DATASET EXCERPTS:
★ ★ ★ ★ ★

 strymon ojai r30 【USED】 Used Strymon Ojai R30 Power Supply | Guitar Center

★ ★ ★ ★ ★

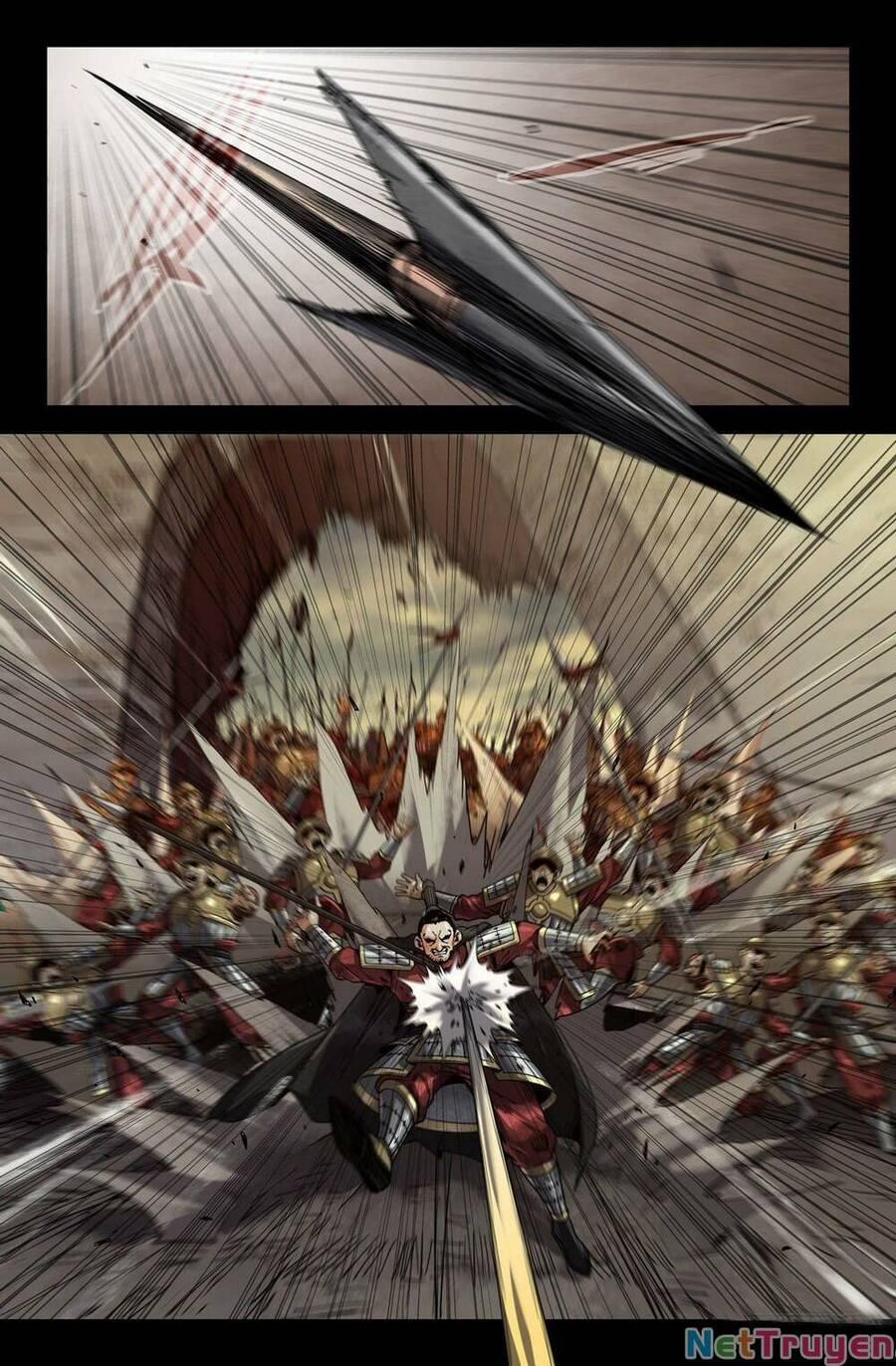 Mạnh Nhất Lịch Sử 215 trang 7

★ ★ ★ ★ ★

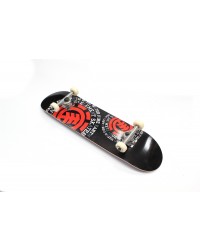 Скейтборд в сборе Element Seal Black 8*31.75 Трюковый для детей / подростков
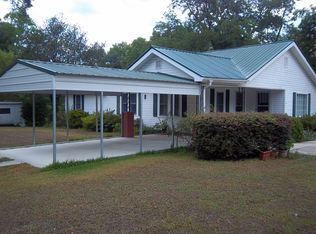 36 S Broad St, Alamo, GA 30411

★ ★ ★ ★ ★

ACTIVITY:
In the listing above, find the line containing "Скейтборд в сборе" and the line containing "36 S Broad St, Alamo, GA 30411", then write out both of them and every line between, exactly, with no pictures.

SOLUTION FOR THIS TASK:
 Скейтборд в сборе Element Seal Black 8*31.75 Трюковый для детей / подростков
 36 S Broad St, Alamo, GA 30411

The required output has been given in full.